Participants were assured that all information was confidential and that identifying information would not be stored or used in conjunction with the questionnaire responses.
Statistical Analyses
The primary outcome variable, a driver's number of police-reported crashes, was categorized as 0 or as 1 or more crashes during follow-up. Exposure variables were risky driving behaviors and risk perceptions. The number and proportion of participants who reported that they “very often” or “often” undertook each risky driving behavior were calculated. A similar approach was used to determine number and proportion of responses to each risk perception as “always safe” or “mostly safe.” Differences by gender for each factor in risky driving behavior and risk perception scales were examined with the χ2 test.

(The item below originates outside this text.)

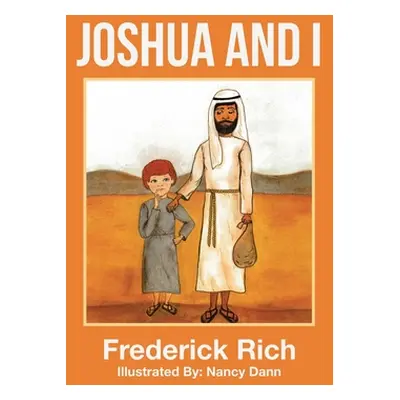 "Joshua and I" - "" ("Rich Frederick")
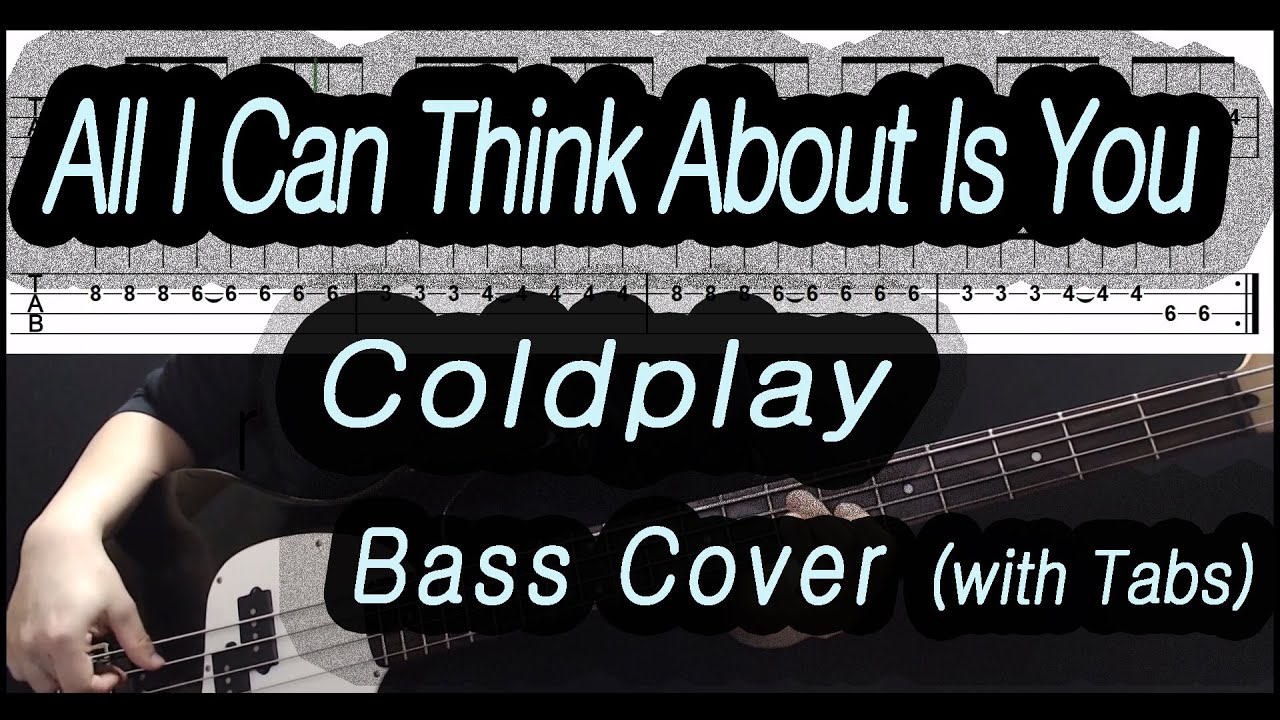Coldplay All I Can Think About Is You übersetzung (Bassonly)Coldplay - All I Can Think About Is You (Bass cover with tabs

We analyzed data by using summative scores for risky driving behaviors and risk perception categorized into tertiles (low, medium, and high) and applying a Poisson regression model to determine relative risks (RRs) and 95% confidence intervals (CIs), including stratification by gender. Relative risks were preferred because of the prospective design and because other methods did not improve the fit of the data. An offset for time in the study was included to account for the different periods between the time a participant entered the study and the end date of crash data analyzed (i.e., crashes through December 31, 2005 were analyzed for all participants irrespective of when they joined the study). Poisson models were found to fit data appropriately (P = 0.9, by the χ2 test for goodness-of-fit for adjusted model with all covariates). All analyses were conducted with SAS version 9.1 (SAS Institute Inc, Cary, North Carolina).
Confounding variables were identified from the literature and included in the adjusted regression models if they were significantly (P < .2) associated with the outcome measure (a crash) after adjustment for age and gender. Factors adjusted for were age, gender, country of birth, socioeconomic status, remoteness of residential postcode, hours of professionally and privately supervised driving on a learner license, months on a learner license, number of attempts to pass driving tests, self-rated driving ability, average weekly driving hours, months between provisional license and study entry, and previous crashes (prior to study participation). Effect modification by gender and age was examined for each of the main exposures.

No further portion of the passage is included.